Having lost both parents, Christian was forced to quit school to help care for his siblings. He worked in cane fields for seventy-five cents a day and later as a yard boy and general handyman in a town nearby receiving five dollars a month and board.
At the age of nineteen, he moved his brothers and sisters to New Orleans. There he worked as a chauffeur by day and attended school at night. Though he lacked formal training, Christian was highly literate. He began writing poetry and, by age twenty-three, had composed a book of poems. By 1926, through concerted effort, Marcus managed to save enough money from his job as a chauffeur to buy a small day-cleaning business, the Bluebird Cleaners.

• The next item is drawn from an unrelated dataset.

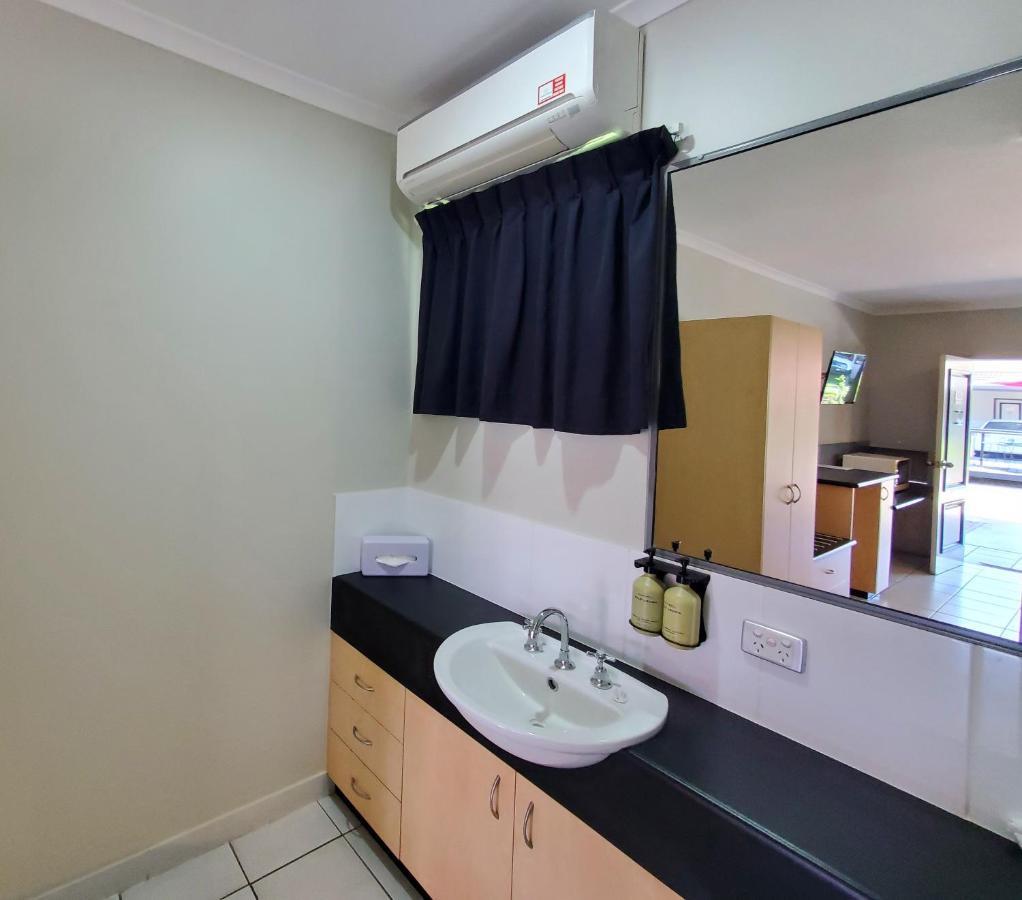 מקיי Alara Motor Inn מראה חיצוני תמונה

In the early 1930s, Christian’s business faltered and folded by 1936 amid the Great Depression. Refusing to go on relief, Marcus sought other employment. Local novelist Lyle Saxon helped Marcus become director of a special Negro unit of the Federal Writers Project located on the campus of Dillard University. Known as The Louisiana Negro Writers Project, it was created for black intellectuals, writers and artists under the WPA (Works Progress Administration). Its purpose was to provide jobs for these individuals; the Dillard Project was set up to record African American History, culture and folklore throughout the state of Louisiana. This particular project differed from others in the United States because it did not seek to collect oral histories of former slaves; rather, it sought to chronicle black history with hopes of constructing the history of the race in Louisiana
For the next 7 years (1936-1943) staff members, under the leadership of Marcus Christian, did extensive research primarily of the city’s 19th and 20th century newspapers and manually transferred this information onto note cards. They also made use of local archives, universities, public libraries and the Louisiana State Museum when allowed to do so in segregated New Orleans. These note cards were meant to be used for the publication of a book written by its director, Marcus Christian, which would tell the true history of blacks in Louisiana. It would be called The Negro in Louisiana.

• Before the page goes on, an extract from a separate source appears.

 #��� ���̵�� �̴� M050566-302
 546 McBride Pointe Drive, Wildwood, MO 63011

Christian remained part of this project until it was dissolved in early 1943. Arrangements were made to store all materials of the project with the Louisiana Library Commission at Baton Rouge. Christian, however, along with Dr. Albert W. Dent, persuaded Saxon to leave this material at Dillard thereby allowing Marcus more time to complete his book, The Negro in Louisiana, and the public would have access to all of its contents.
On January 12, 1943, President Dent hired Marcus to complete the manuscript covering the Dillard-WPA study of The Negro in Louisiana and to compile a catalog of the material collected with it to be placed in suitable filing condition. The target date for completing all this was June 1, 1944. Unfortunately, the work was never finished. President Dent offered Christian a position as assistant librarian at the university in 1944. Christian would remain in this position for the next six years.

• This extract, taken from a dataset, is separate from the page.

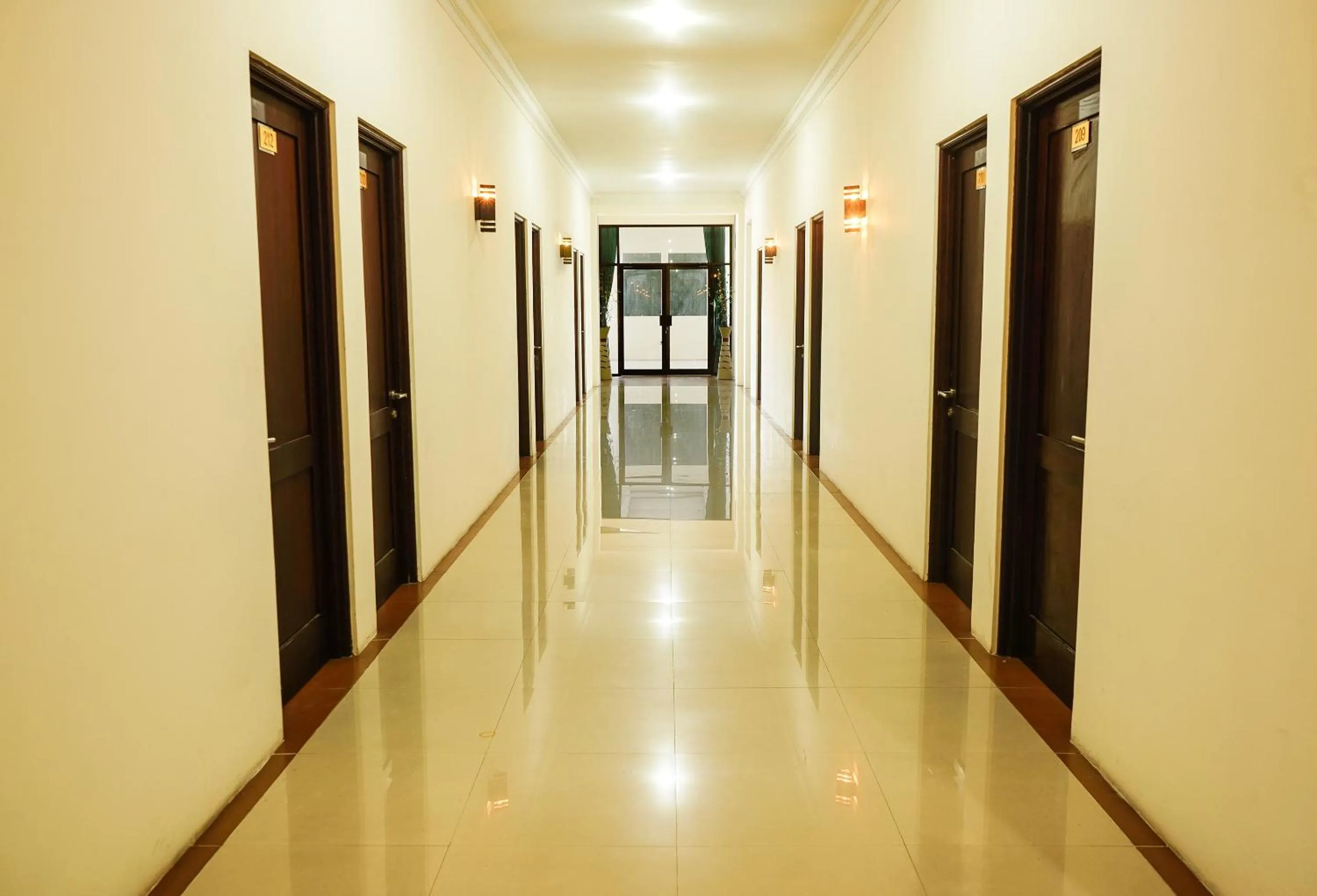 Facade/entrance in RedDoorz Syariah At Namira Hotel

From this time until his resignation from Dillard in 1950, Marcus’ interest in black history continued to grow. Marcus Christian had to resign as Dillard librarian because he had no college degree. Upon leaving the university, his collection was closed and stored upstairs in Dillard’s old library building. Storms would eventually damage the greater part of it beyond restoration. Fortunately, Christian had made extensive notes on the collection for his own personal use, including duplicates of the original note cards. Christian took them, as well as his manuscript history upon leaving the university.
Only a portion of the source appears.